The Williams tube, or the Williams–Kilburn tube after inventors Freddie Williams and Tom Kilburn,〔http://www.computer50.org/mark1/notes.html#acousticdelay Why Williams-Kilburn Tube is a Better Name for the Williams Tube
〕 developed in 1946 and 1947, was a cathode ray tube used as a computer memory to electronically store binary data.
It was the first random-access digital storage device, and was used successfully in several early computers.
Williams and Kilburn applied for British patents on Dec. 11, 1946〔(GB Patent 645,691 )〕 and Oct. 2, 1947,〔(GB Patent 657,591 )〕 followed by US patent applications on Dec. 10, 1947 () and May 16, 1949 ().
==Working principle==
The Williams tube depends on an effect called secondary emission. When a dot is drawn on a cathode ray tube by a beam of fast-moving electrons, the area of the dot becomes slightly positively charged and the area immediately around it becomes slightly negatively charged, creating a charge well. The charge well remains on the surface of the tube for a fraction of a second, allowing the device to act as a computer memory. The lifetime of the charge well depends on the electrical resistance of the inside of the tube.
The dot can be erased by drawing a second dot immediately next to the first one, thus filling the charge well. Most systems did this by drawing a short dash starting at the dot position, so that the extension of the dash erased the charge initially stored at the starting point.

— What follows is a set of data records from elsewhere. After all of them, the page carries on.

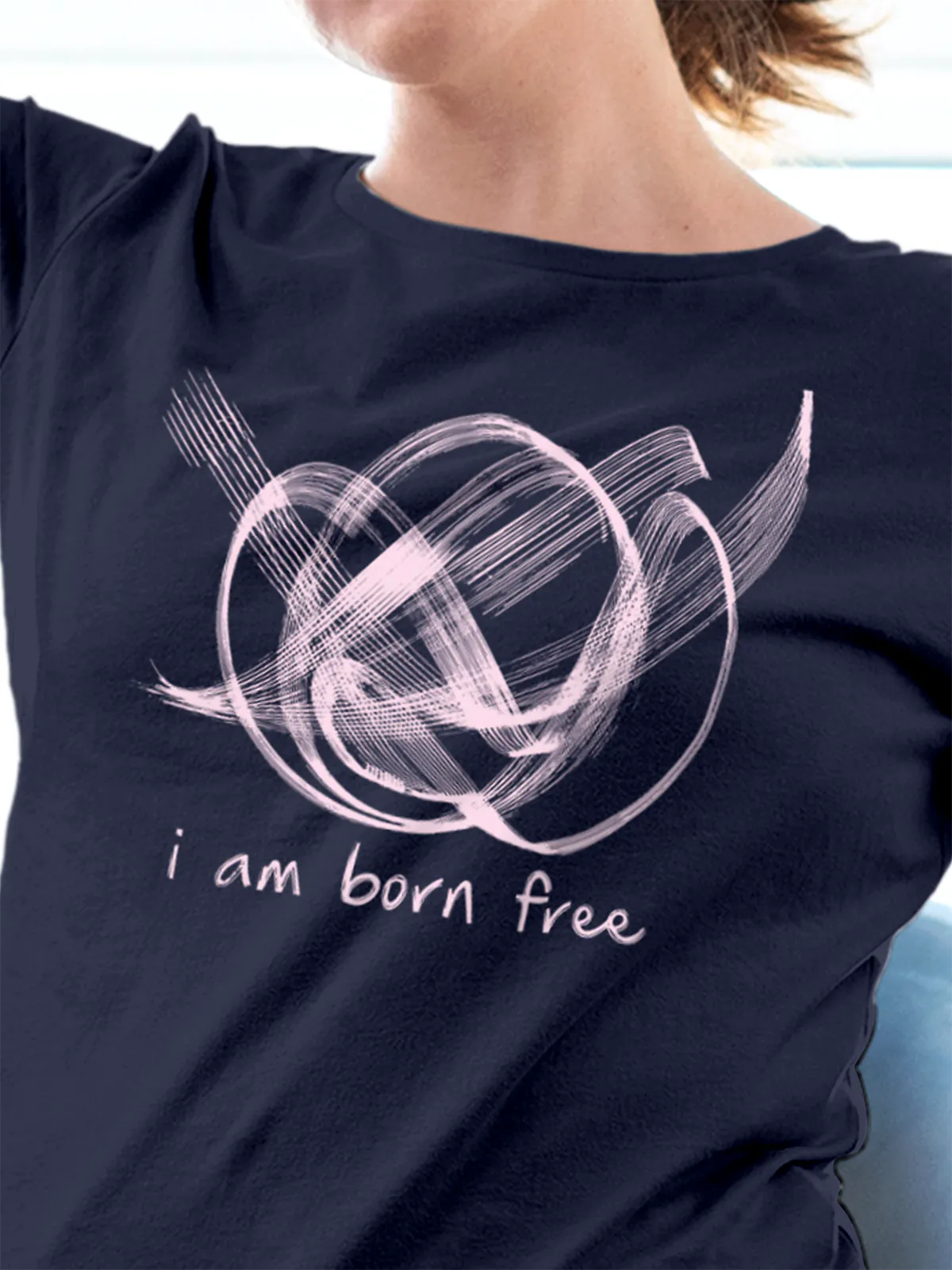 Close up of 'Born Free' design on Women's Navy Blue Round Neck T-shirt, highlighting intricate details and vibrant print.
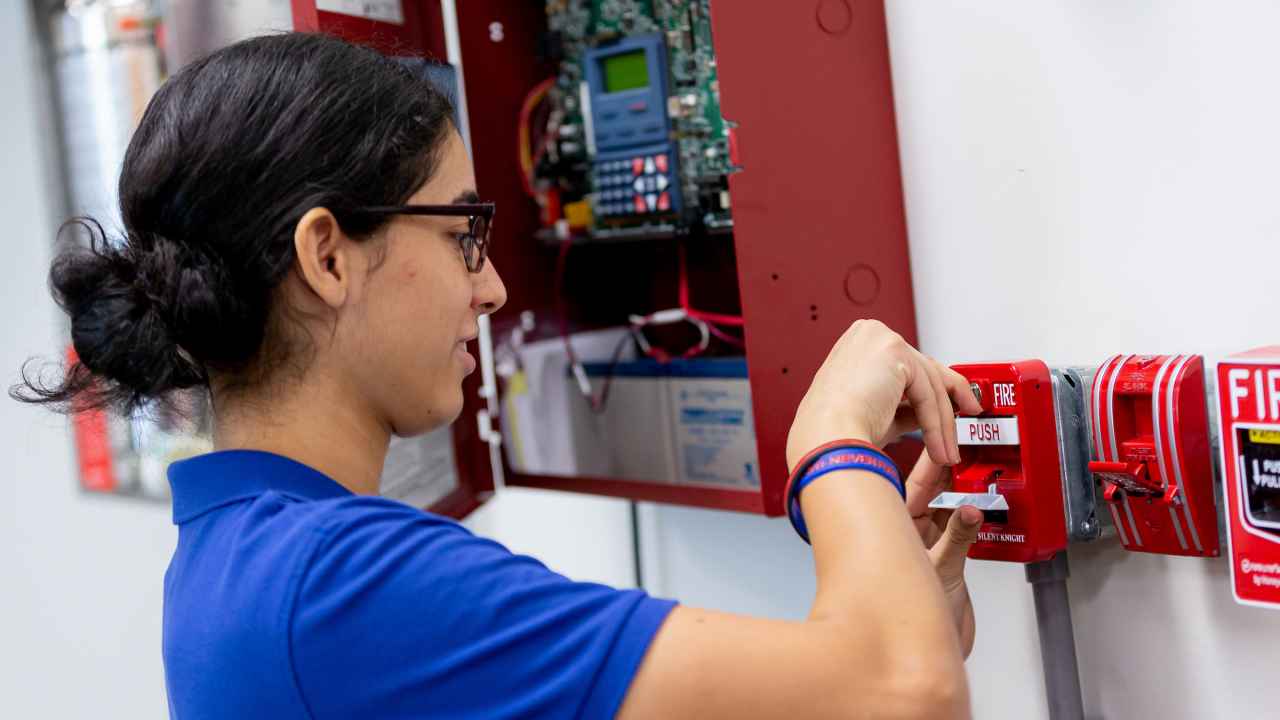 A student works on a fire sprinkler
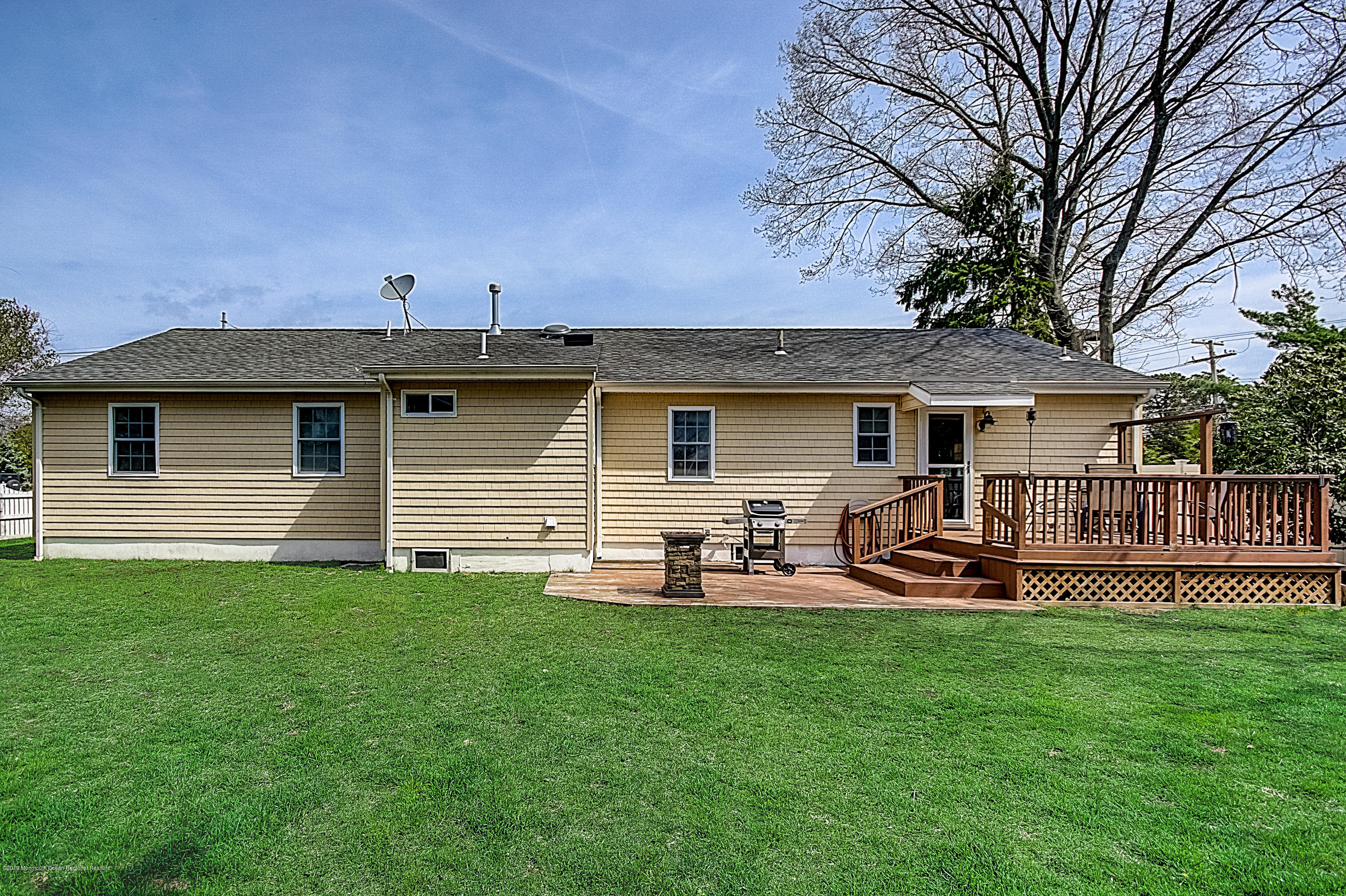 2302 Oak Tree Road Point Pleasant, NJ 08742 - Photo 42 of 48 a front view of house with yard and seating area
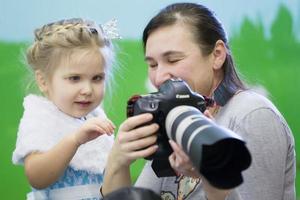 The photographer shows the camera to a little girl. Children's photographer. photo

Information is read from the tube by means of a metal pickup plate that covers the face of the tube. Each time a dot is created or erased, the change in electrical charge induces a voltage pulse in the pickup plate. Since this operation is synchronised with whichever location on the screen is being targeted at that moment, it effectively reads the data stored there. Because the electron beam is essentially inertia-free, and thus can be steered from location to location very quickly, there is no practical restriction in the order of positions so accessed, hence the so-called ″random-access″ nature of the lookup.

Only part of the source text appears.